Exercise objective: Please return the lines below verbatim, beginning at the one that has "Luvoon™ 12 Renk Zıplayan Proje Hamuru" and stopping after the one that has "DUDLEY MOORE, David", and add no other lines.

Source material:
Segment Open

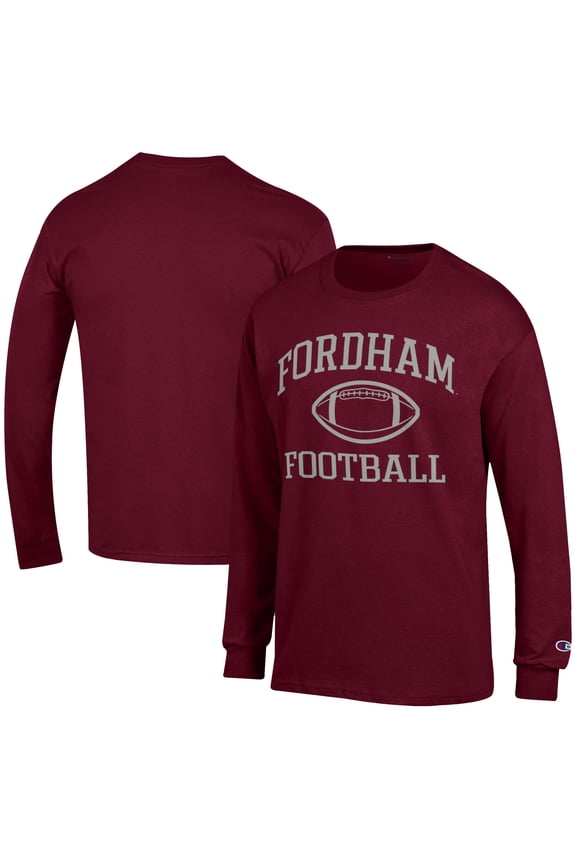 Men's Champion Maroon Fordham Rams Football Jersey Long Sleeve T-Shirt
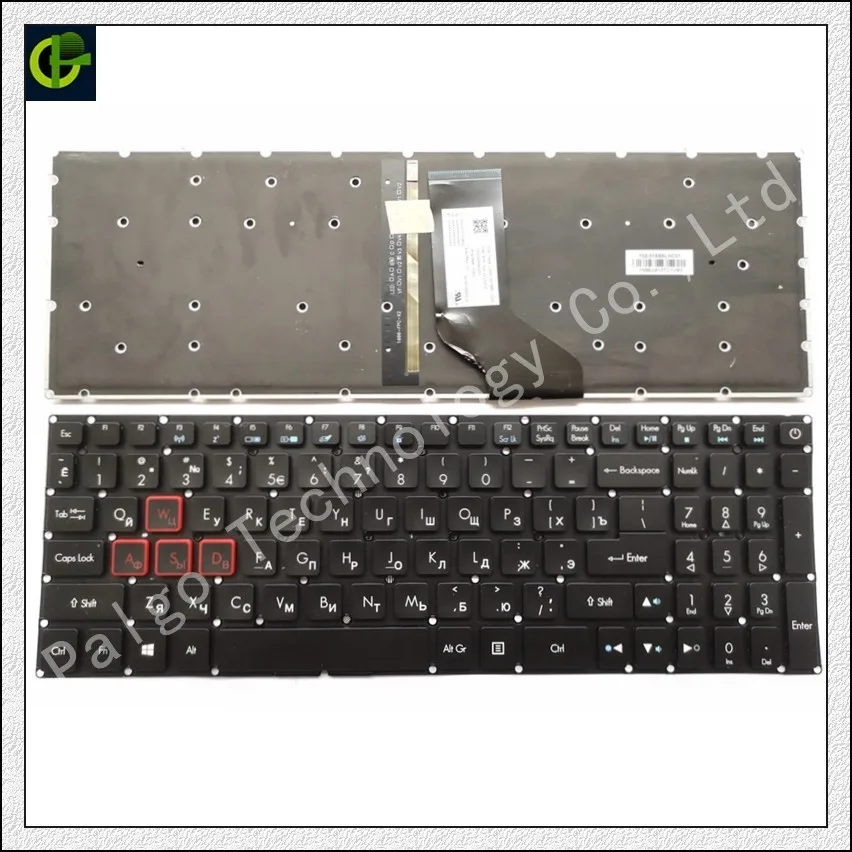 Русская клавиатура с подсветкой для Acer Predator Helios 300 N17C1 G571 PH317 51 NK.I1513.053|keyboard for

Segment Closed
Segment Open

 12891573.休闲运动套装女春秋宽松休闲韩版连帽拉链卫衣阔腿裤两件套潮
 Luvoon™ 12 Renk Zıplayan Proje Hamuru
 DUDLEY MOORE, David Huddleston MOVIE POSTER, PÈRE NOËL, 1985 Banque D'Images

Segment Closed

Your solution:
 Luvoon™ 12 Renk Zıplayan Proje Hamuru
 DUDLEY MOORE, David Huddleston MOVIE POSTER, PÈRE NOËL, 1985 Banque D'Images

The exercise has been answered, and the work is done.